20. SIFAT KETIGA YANG WĀJIB BAGI ALLAH
الصِّفَةُ الثَّالِثَةُ الْوَاجِبَةُ لَهُ تَعَالَى الْبَقَاءُ وَ مَعْنَاهُ عَدَمُ الْآخِرِيَّةِ لِلْوُجُوْدِ.
“Sifat ketiga yang wājib bagi Allah s.w.t. adalah Baqā’ dan ma‘nanya adalah: Tidak ada akhir bagi wujūd.”
PENGERTIAN BAQĀ’
فَمَعْنَى كَوْنِ اللهِ تَعَالَى بَاقِيًا أَنَّهُ لَا آخِرَ لِوُجُوْدِهِ.
“Maka ma‘na keadaan Allah s.w.t. itu Baqā’ (kekal) adalah bahwa Dia tidak ada akhir bagi wujūd-Nya.”
DALĪL ATAS BAQĀ’NYA ALLAH
وَ الدَّلِيْلُ عَلَى بَقَائِهِ تَعَالَى أَنَّهُ لَوُجَازَ أَنْ يُلْحِقَهُ الْعَدَمُ لَكَانَ حَادِثًا فَيَفْتَقِرُ إِلَى مُحْدِثٍ وَ يَلْزَمُ الدَّوْرُ أَوِ التَّسَلْسُلُ وَ قَدْ تَقَدَّمَ تَعْرِيْفُ كُلِّ وَاحِدٍ مِنْهُمَا فِيْ دَلِيْلِ الْقِدَمِ.

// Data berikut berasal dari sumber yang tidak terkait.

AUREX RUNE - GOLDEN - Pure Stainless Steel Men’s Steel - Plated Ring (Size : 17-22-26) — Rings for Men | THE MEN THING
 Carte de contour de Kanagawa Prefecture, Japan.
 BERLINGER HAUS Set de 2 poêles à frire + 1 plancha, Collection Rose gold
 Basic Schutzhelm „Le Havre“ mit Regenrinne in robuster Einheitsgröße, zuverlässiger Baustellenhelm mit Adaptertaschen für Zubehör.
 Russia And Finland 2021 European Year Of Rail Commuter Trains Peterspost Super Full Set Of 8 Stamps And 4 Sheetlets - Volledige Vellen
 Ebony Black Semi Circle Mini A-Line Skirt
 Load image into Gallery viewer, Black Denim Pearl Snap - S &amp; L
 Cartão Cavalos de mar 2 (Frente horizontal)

“Dan dalīl atas baqā’-Nya Allah s.w.t. adalah: bahwa kalau boleh Allah itu dihubungi oleh ketiadaan (‘adam) niscaya jadilah Dia baru (ḥādits) maka dia membutuhkan kepada muḥdits dan lazimlah Daur dan Tasalsul. Dan telah terdahulu ta‘rīf masing-masing dari keduanya pada dalīl Qidam.”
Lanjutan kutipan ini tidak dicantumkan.